I want programmers to have a way of saying "this function might spend  
a lot of time in foreign lands". These calls should be concurrent on  
all implementations that support it (because some separately  
developed/maintained piece of Haskell code might expect to run a  
computation in the background), but if there are implementations that  
don't support it shouldn't flag an error, because that would  
encourage library writers to specify nonconcurrent when they can't  
prove that it's safe, or make code needlessly nonportable.
Another way to look at it: You cannot decide whether the call  
actually has to be done concurrently by just looking at the call site  
- you'd need to look at the entire program, and asking people  
(especially library writers) to state and guarantee global properties  
of a program that might not even be finished yet is a Bad Thing.  
Therefore, the concurrency annotation on the foreign import can only  
be a hint on whether the foreign function is guaranteed to return  
quickly or not; the actual requirement for the call to be  
"concurrent" is hidden in the other code that expects to run at the  
same time. Therefore, it would be wrong for an implementation that  
doesn't support concurrent calls (reentrant or nonreentrant, I don't  
care) to flag an error; the foreign import declaration correctly  
refuses to give a guarantee that the function will return quickly.  
The error is in the code that expects to run concurrently with a  
foreign import on an implementation that doesn't support that (but of  
course, a compiler can't detect such an error).

> Another nice minor thing would be if haskell implementations were
> required to ignore annotations starting with 'x-' for implementation
> specific hints.

Sounds good. Syntax discussion postponed again ('x-' looks so mime- 
typish. Could we add a meaningless 'application/' to the front?
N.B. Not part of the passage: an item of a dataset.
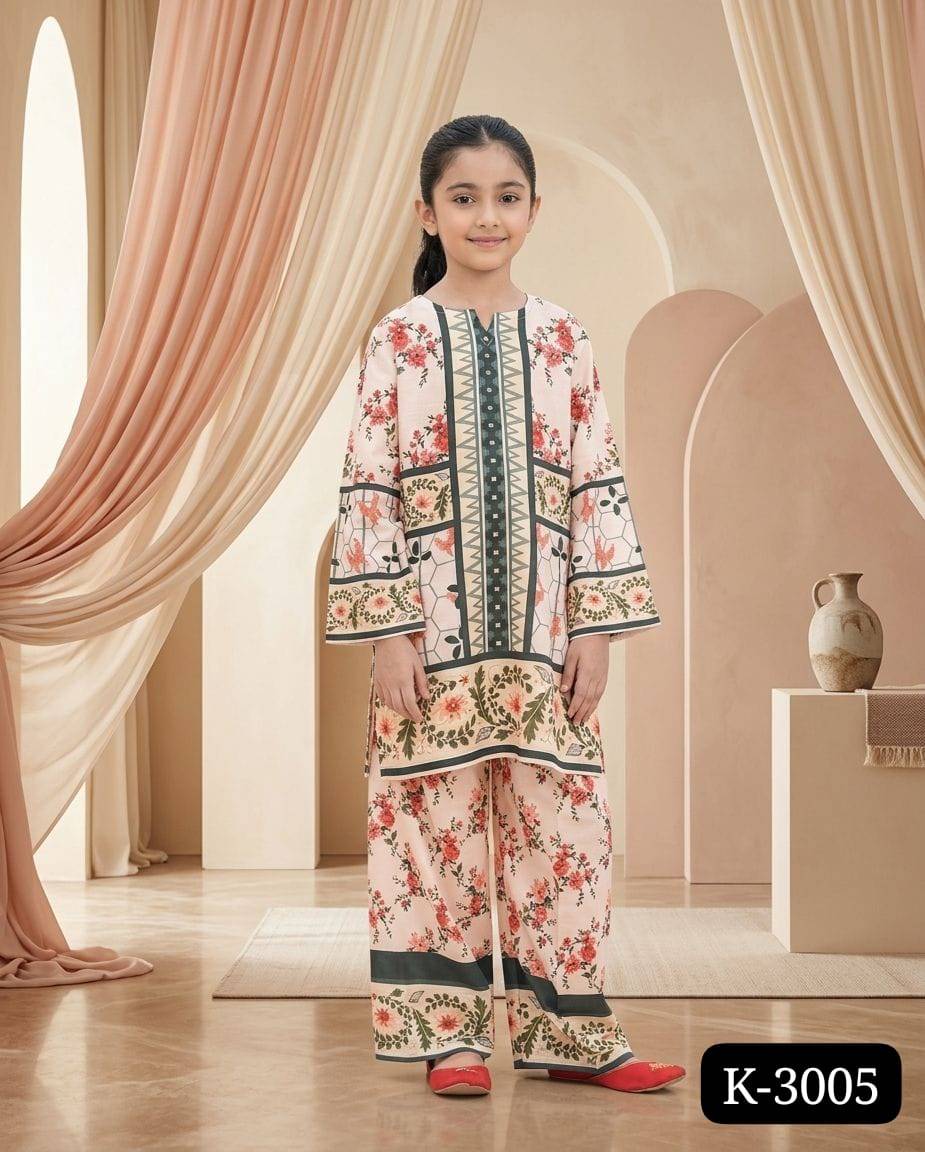 K-3020 series by The wonder woman Imported Mal Satin kids stitched dresses at Wholesale Price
Just  
kidding).

> In my survey of when 'reentrant concurrent' was needed, I looked at  
> all
> the standard libraries and didn't find anywhere it was actually  
> needed.
> Are there some compelling examples of when it is really needed in a
> setting that doesn't have OS threads to begin with? (I am not  
> asserting
> they don't exist, I just want to see some example uses of this feature
> to get a better handle on the implementation cost)
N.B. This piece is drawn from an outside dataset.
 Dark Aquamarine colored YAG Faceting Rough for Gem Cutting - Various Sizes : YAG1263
In my experience, reentrant calls are rare in non-GUI code, but they  
become quite common in GUI code (OK, in some GUI libraries, there is  
only one, called something like RunMainEventLoop, but then it runs  
almost all of the time and is absolutely crucial). And with most GUI  
libraries, the GUI's main event loop will refuse to cooperate well  
with a Haskell's implementation's scheduler, so it will need to be  
called as a "concurrent" foreign import if your application is to do  
any background processing while waiting for events.
Other libraries that rely on callbacks would include the GLU  
Tesselator that I already mentioned, as well as several packages for  
solving optimisation problems. For those, concurrency would probably  
only become an issue when they are used with a GUI (even if it's only  
to display a progress bar).
Another reason why you don't see them in Haskell standard library  
code might be that everyone prefers Data.List.sort to foreign import  
ccall qsort.

> Any particular reason hugs and GHC didn't use the state-threads  
> approach
> out of curiosity? did it conflict with the push-enter model?  (jhc  
> uses
> the eval-apply model so I am more familier with that)
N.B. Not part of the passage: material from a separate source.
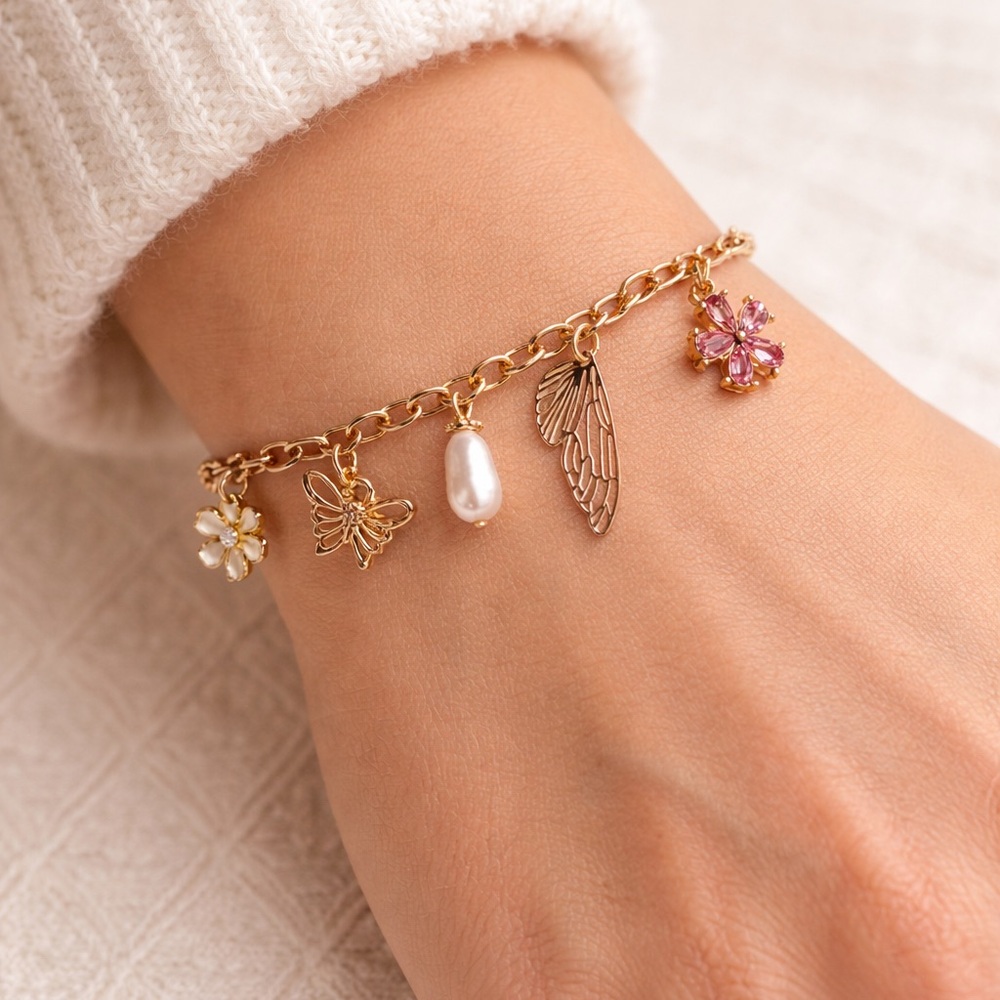 I AM Dainty Charm Bracelet with Pink and Pearl Accents NWT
It was before my time. I guess it's because GHC uses a separate heap- 
allocated Haskell thread, so it made sense not to bother to allocate  
a separate C stack for every one of them. Don't know about Hugs.

> It also implys that a function call will run on the same OS thread as
> the OS thread the current haskell thread is running on.

This shouldn't be put into a standard, as the bound threads proposal  
already gives a different guarantee about that, and both guarantees  
taken together probably guarantee too much - taken together, they  
probably mean every Haskell thread has to be an OS thread. It might  
be an implementation-specific guarantee, unless the bound threads  
become a part of the standard in their entirety.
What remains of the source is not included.